LA PEINE QUOTIDIENNE

 

 

 

                                       I

 

Hors du jardin tragique à jamais dévasté,

J’ai marché lentement vers la ville bruyante :

Non point que sa rumeur incertaine me tente,

Mais mon cœur a suivi ma rude volonté.

 

J’ai vu, dans le lointain si longtemps redouté,

L’Image, peu à peu sous mes yeux défaillante,

Pour la première fois devenir une absente.

Et j’ai marché d’un pas ferme vers la cité.

 

Des cris. Des gestes durs.
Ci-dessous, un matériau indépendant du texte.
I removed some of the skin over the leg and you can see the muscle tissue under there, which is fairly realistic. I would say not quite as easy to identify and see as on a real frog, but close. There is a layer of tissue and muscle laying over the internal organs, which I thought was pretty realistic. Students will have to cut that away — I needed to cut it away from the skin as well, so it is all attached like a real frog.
Des chansons et des plaintes.

De beaux couples d’amants qui liaient leur étreinte.

D’autres qui s’éloignaient et n’osaient plus rêver.

 

Mais sourd à ces grands bruits de larmes et de rires,

J’ai déjà, pâle et frémissant, pu retrouver

Le goût de ma douleur dans l’air que je respire.

 

 

 

                                      II

 

Regarde tout l’amour qui t’entoure et te presse.

Celui qui fait le monde et qui t’a fait vivant

Veut que l’air soit plus vif et pur au jour levant,

Plein de force à midi, et le soir de tendresse.

 

Il veut que le printemps éclatant de jeunesse

Jette tous les parfums à la face du vent ;

Qu’après l’été vainqueur et l’automne émouvant

L’hiver soit le temps dur des secrètes promesses.

 

L’harmonie et l’amour commandent ton labeur.
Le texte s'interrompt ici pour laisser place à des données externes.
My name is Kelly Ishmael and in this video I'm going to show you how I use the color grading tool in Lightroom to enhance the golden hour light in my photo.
Toi qui sais ce qui fait que les terres sont belles,

Tu ne connaîtras pas d’autre loi que la leur.

 

Sois comme elles soumis et généreux comme elles

Et que le même amour qui féconde ton champ

Élève en toi son doux et mystérieux chant.

 

 

 

                                                          Louis LEFEBVRE.

 

                                             Paru dans La Muse française en 1923.